Pocos puntos de la capital encierran tanto misticismo y encanto como estos restos egipcios ubicados en el desaparecido Cuartel de Montaña.
Con sus cerca de 2.200 años de vida a las espaldas os podéis imaginar la cantidad y variedad de salidas y puestas de sol que han contemplado los diferentes fragmentos del Templo de Debod. Sin embargo, es desde hace unas décadas, coincidiendo con su traslado a Madrid, cuando estos restos han admirado celestiales atardeceres sobre la capital de España, viendo como el sol se diluye tras su horizonte ofreciendo, en su conjunto, un impresionante hechizo visual.
Dependiendo de la estación, y de lo caprichoso que ese día se haya levantado el cielo de Madrid, el espectáculo puede ser más o menos vivaz, pero jamás defrauda. En ocasiones la escena muestra su vertiente más apocalíptica, otras, el panorama se ofrece mucho más tranquilo, con colores suaves y sosegados, más propios de las ensoñaciones que de la vida real. Cada día nunca es igual al anterior.
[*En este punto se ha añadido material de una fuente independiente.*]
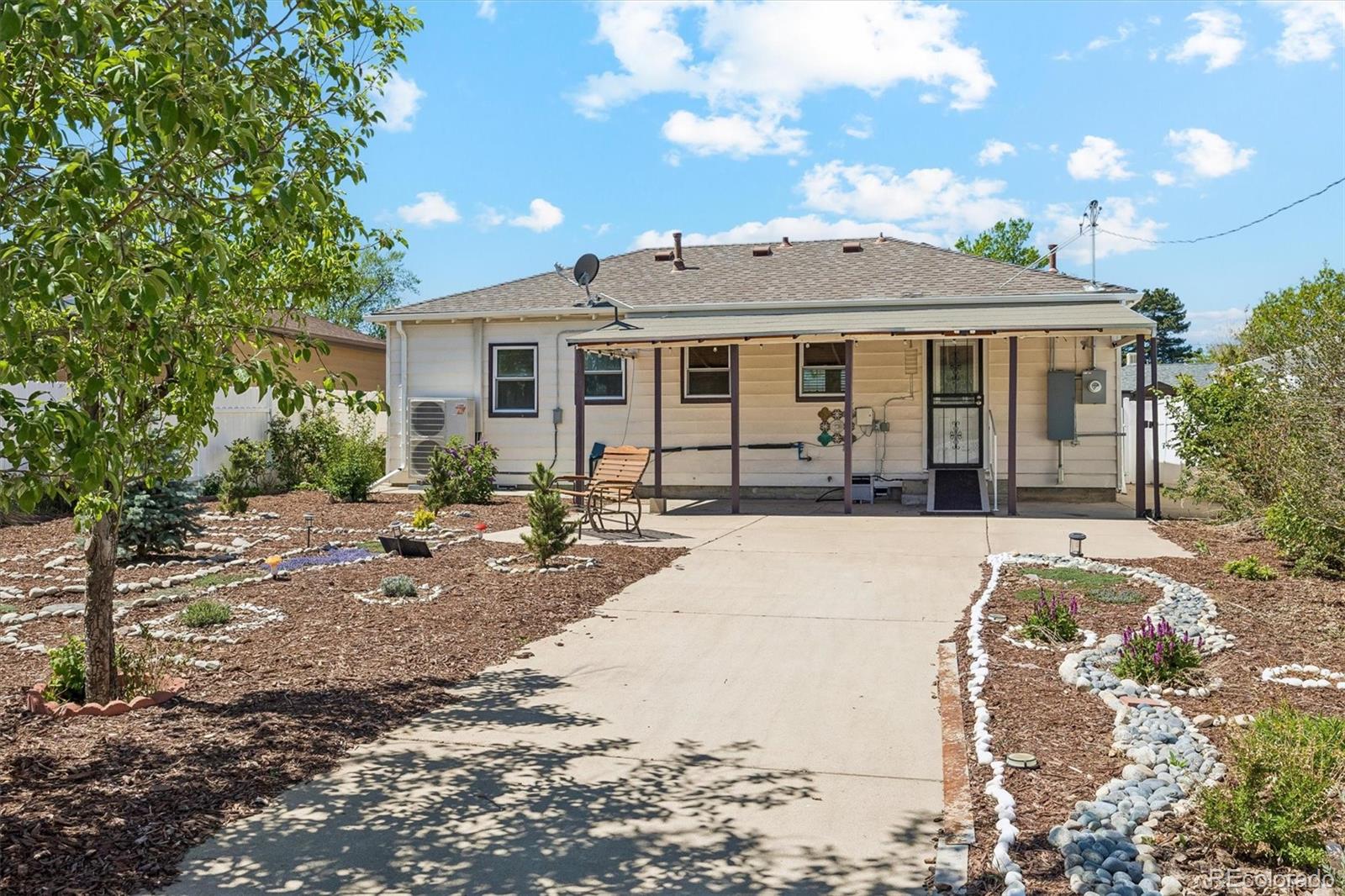 MLS Image #15 for 4574  wyandot street,denver, Colorado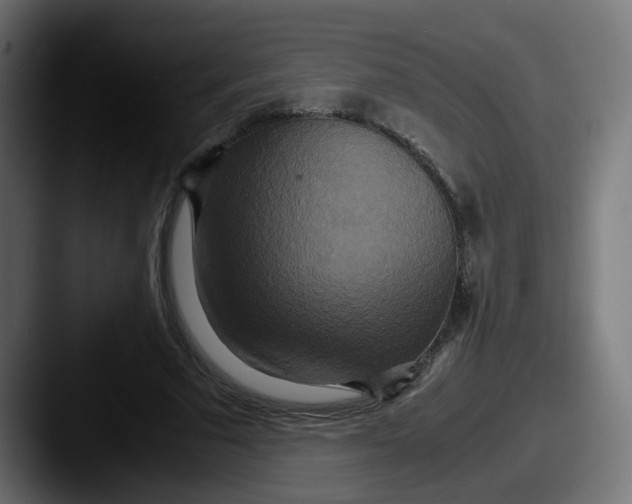 X0000087540681200705181049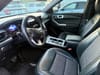 8 thumbnail image of  2021 Ford Explorer Timberline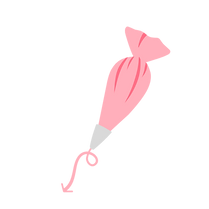 Untitled design (4).png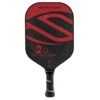 Selkirk Vanguard Hybrid S2 Midweight (Black/Crimson) 2 Selkirk Vanguard Hybrid S2 Midweight (Black/Crimson) -Racquet Guys Shop S2Mid 1800x1800 4e763a35 1239 46e0 97d9 6a68dd8e1cde
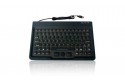 Keyboard RuggedKEY  RSK303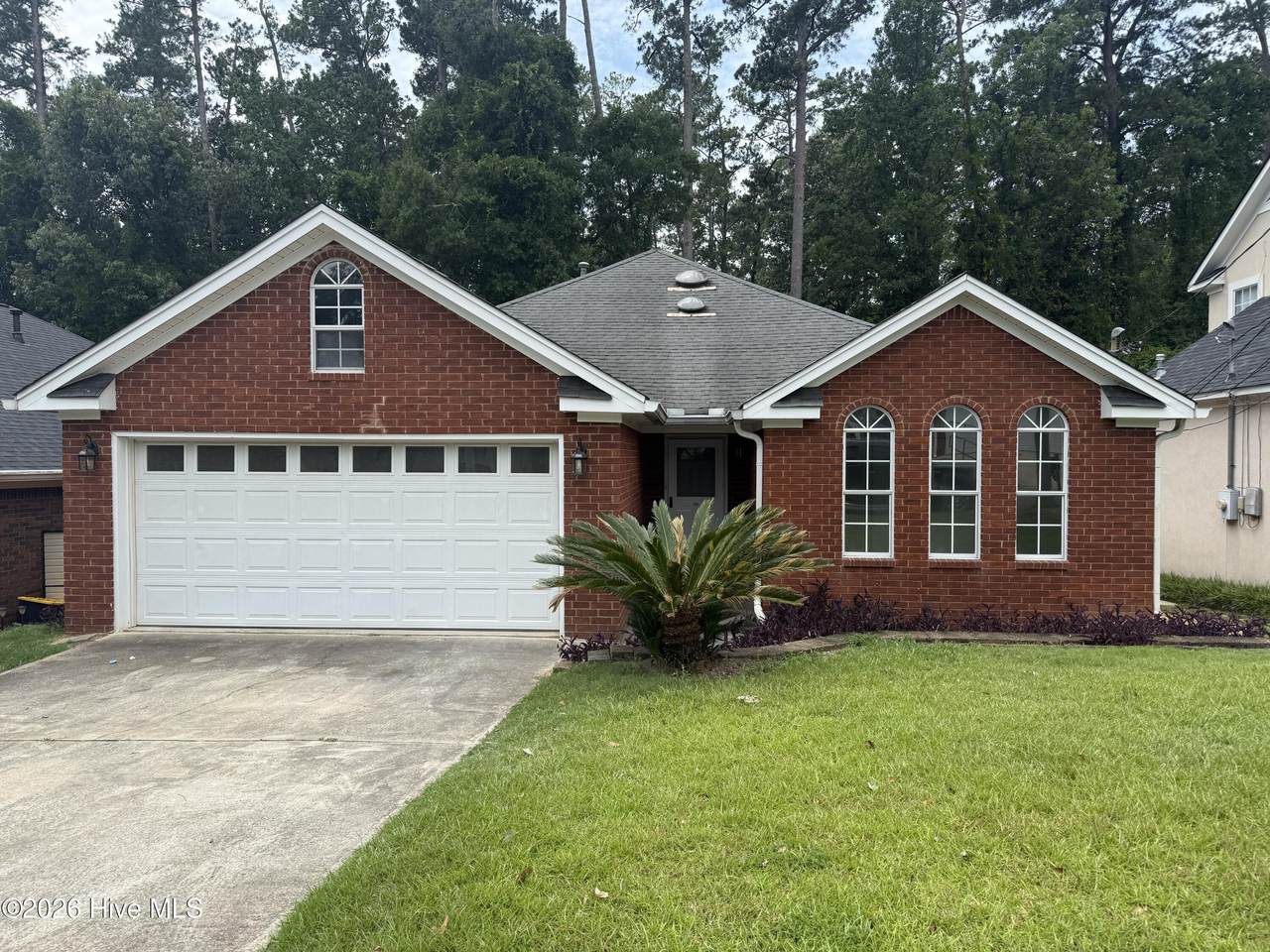 2961 Pointewest Drive - Photo 1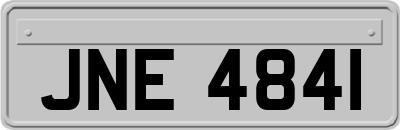 JNE4841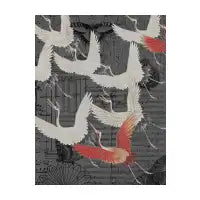 Freedom - design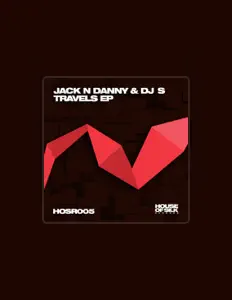 Listen to Jack N Danny, watch music videos, read bio, see tour dates & more!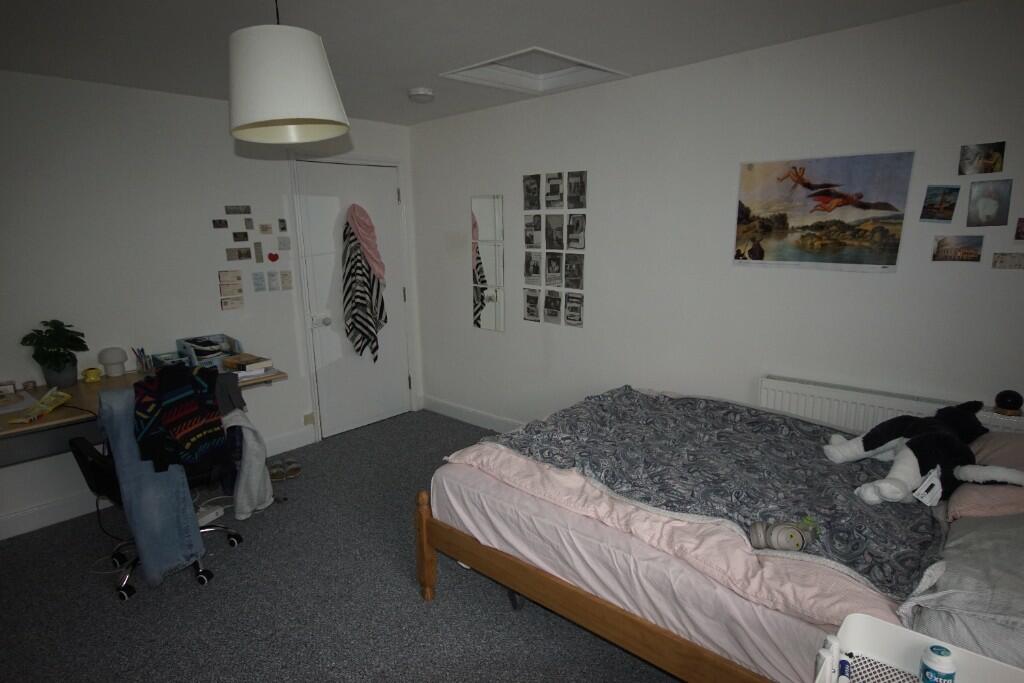 Additional image 10 of Princess Victoria Street, Bristol, BS8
Para representar fielmente esto que digo en la postal de esta semana he querido compartir con vosotros una fabulosa fotografía de Marcos Molina. En ella, un pasmoso cielo de tintes amoratados y lilas parece pugnarle y arrebatarle protagonismo al propio templo. Una lucha sin tregua que se produce por duplicado, en el mundo tangible y en los reflejos del agua que bordean y custodian los milenarios restos. Un doble enfrentamiento que, a su vez, duplica el espectáculo visual.
El Templo de Debod, merced a su magnetismo, siempre nos regala miradas envueltas de magia y sensaciones pero hay que reconocer que pocas tan sugerentes como ésta. Pasen, vean y disfruten de uno de los mayores espectáculos que, día tras día, Madrid nos regala.